Sekitar 127 warga Ahmadiyah mengungsi dan tinggal di penampungan sementara. Hingga kini, mereka belum dapat kembali ke tempat tinggal semula. Aparat belum mengizinkan mereka kembali untuk menghindari terjadinya hal-hal yang tidak diinginkan.

Dua hari setelah terjadinya serangan terhadap warga Ahmadiyah di Lombok Barat itu, Ketua Umum Pimpinan Pusat Muhammadiyah Din Syamsuddin mengecam keras perusakan perumahan warga Ahmadiyah tersebut. Ia menegaskan, tindakan perusakan bertentangan dengan Islam.

Selain itu, perbedaan agama dan paham keagamaan tidak bisa dijadikan sebagai alasan pembenaran tindakan kekerasan dalam bentuk apa pun. Din meminta kepada pemerintah, dalam hal ini pemerintah pusat, untuk mengusut tuntas serta menindak tegas pelakunya.

Permintaan Din kepada pemerintah untuk mengusut tuntas serta menindak tegas pelakunya itu tidak cukup. Oleh karena, pemerintah juga harus menjamin agar warga yang terusir itu dapat kembali ke rumah mereka masing-masing. Pindah ke lokasi baru bukanlah solusi karena bukan tidak mungkin peristiwa yang sama akan terulang di tempat mereka yang baru.

Kasus serupa terhadap warga Ahmadiyah terjadi berulang-ulang, dua yang terakhir terjadi di Cikeusik, Pandeglang, Banten, 2011, dan di Ciampea Udik, Desa Cisalada, Kabupaten Bogor, 13 Juli lalu.

Negara Harus Lindungi Warganya

Negara, dalam hal ini pemerintah pusat, tidak boleh berdiam diri dan bersikap seakan-akan tindakan kekerasan terhadap agama—agama apa pun—tidak terjadi.
Undang-Undang Dasar 1945 menjamin kebebasan beragama bagi seluruh rakyat Indonesia. Pasal 29 Undang-Undang Dasar 1945 menyatakan: (1) Negara berdasarkan atas Ketuhanan Yang Maha Esa (2) Negara menjamin kemerdekaan tiap-tiap penduduk untuk memeluk agamanya masing-masing dan untuk beribadat menurut agama dan kepercayaannya itu.
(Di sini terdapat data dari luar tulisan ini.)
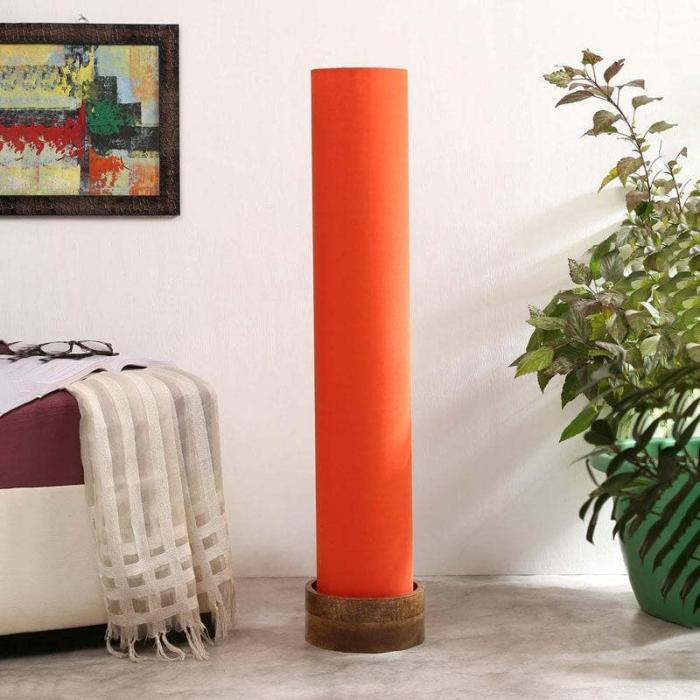 Pillar Floor Lamp  |   Floor Lamps Floor Lamps Floor Lamps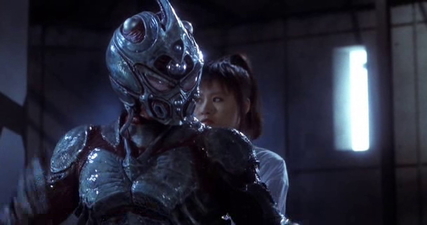 The Guyver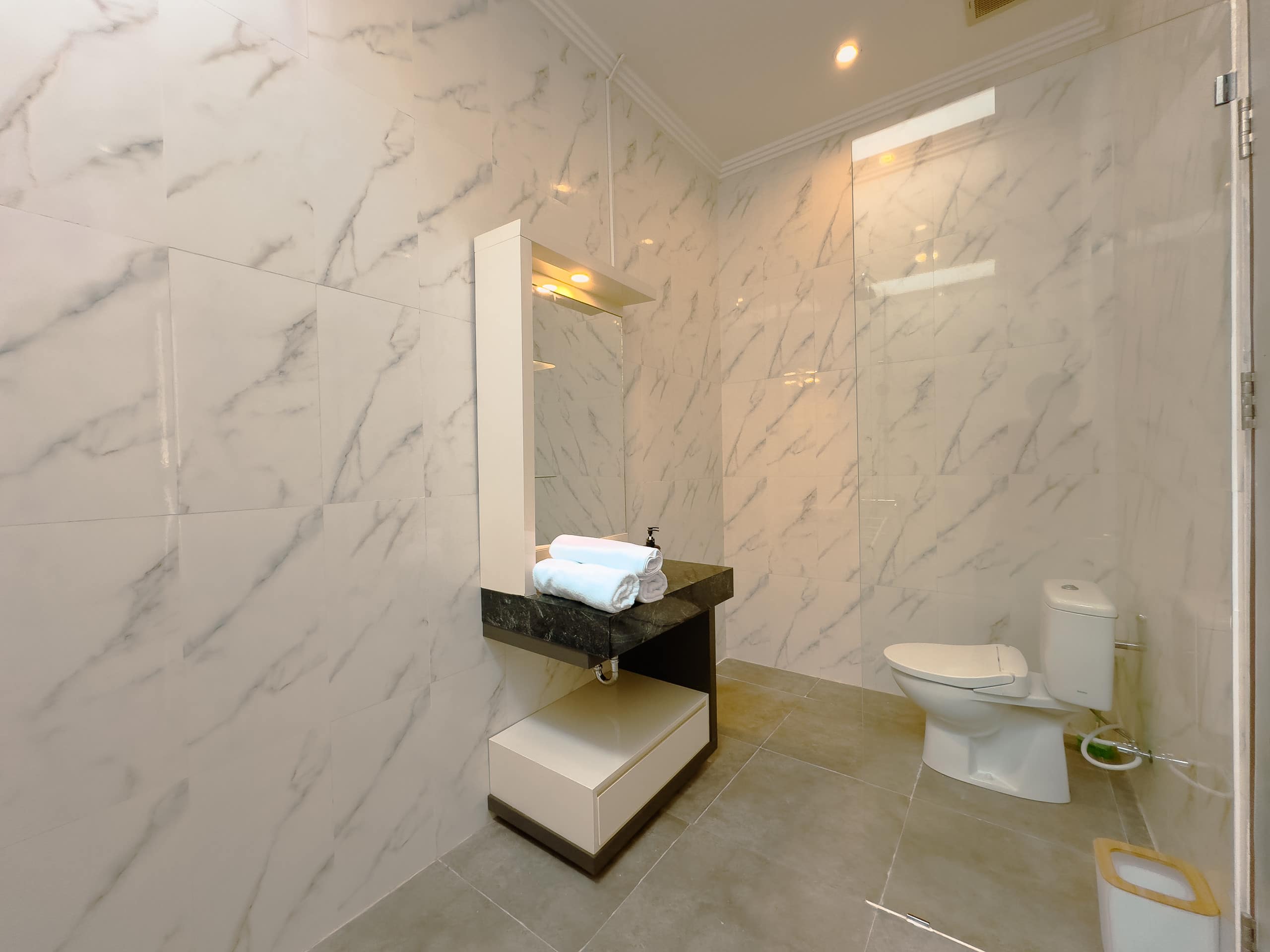 The Arya Villa Lovina - Private 8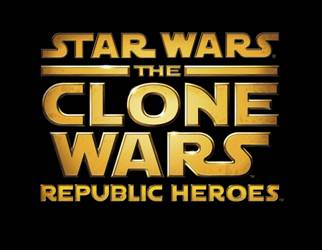 Star Wars The Clone Wars: Republic Heroes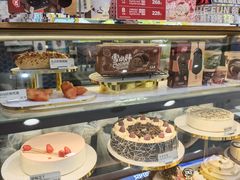 -DQ·蛋糕·冰淇淋(科华王府井店)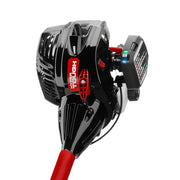 Hyper Tough HY26SSTVNM 18-Inch Gas Staight Shaft String Trimmer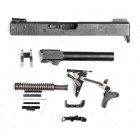 Glock G22 Gen 4 Semi-auto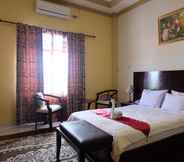 ห้องนอน 7 Syafira Hotel Tual Langgur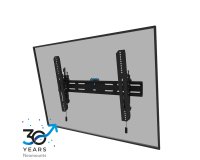 Neomounts WL35S-850BL16 Support pour écran mural 42-86" - inclinable - verrouillable - installation rapide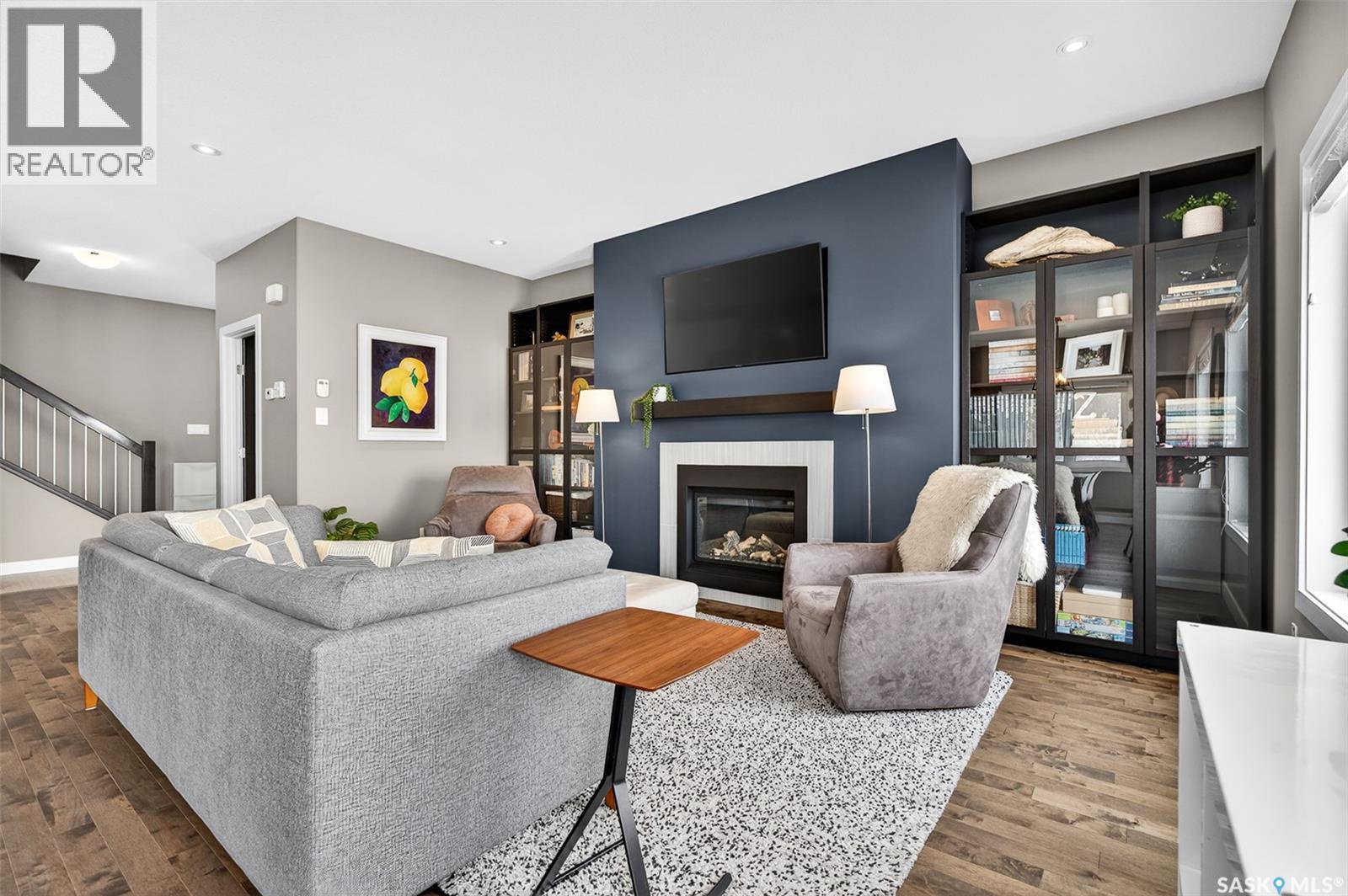 1081 Maplewood Drive, Moose Jaw, Saskatchewan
Namun, apa yang tertulis pada Pasal 29 Undang- Undang Dasar 1945 tetap tinggal tulisan di atas kertas saja. Dalam kehidupan sehari-hari, keadaannya bertolak belakang dengan apa yang telah ditulis dengan sangat jelas dalam Pasal 29 Undang-Undang Dasar 1945.
Pelanggaran terhadap Pasal 29 Undang-Undang Dasar 1945 itu tidak hanya dilakukan oleh sekelompok warga terhadap kelompok warga lain, tetapi juga dilakukan oleh aparat pemerintah, dalam hal ini aparat pemerintah daerah, untuk menyebut salah satu contoh.
Wali Kota Bogor Diani Budiarto mengeluarkan surat pembekuan Izin Mendirikan Bangunan (IMB) Gereja Kristen Indonesia (GKI) Taman Yasmin di Kota Bogor, Jawa Barat, dengan alasan ada penolakan sejumlah masyarakat. Ada tawaran pindah ke lokasi lain, tetapi persoalannya, seperti yang telah disebut di atas, siapa yang menjamin mereka tidak mendapatkan masalah yang sama nantinya di tempat yang baru.

Oleh karena telah memegang IMB sejak tahun 2006, GKI Yasmin mengajukan gugatan ke Pengadilan Tata Usaha Negara di Bandung, yang mengeluarkan putusan menolak pembekuan IMB. Wali Kota Bogor mengajukan kasasi dan kemudian peninjauan kembali ke Mahkamah Agung, tetapi ditolak, Desember 2010. Namun, Wali Kota Bogor tidak mematuhi keputusan Mahkamah Agung, yang merupakan lembaga hukum tertinggi. Dan, tidak ada tindakan apa pun yang diambil oleh pemerintah pusat, yang mewakili negara, terhadap pembangkangan itu.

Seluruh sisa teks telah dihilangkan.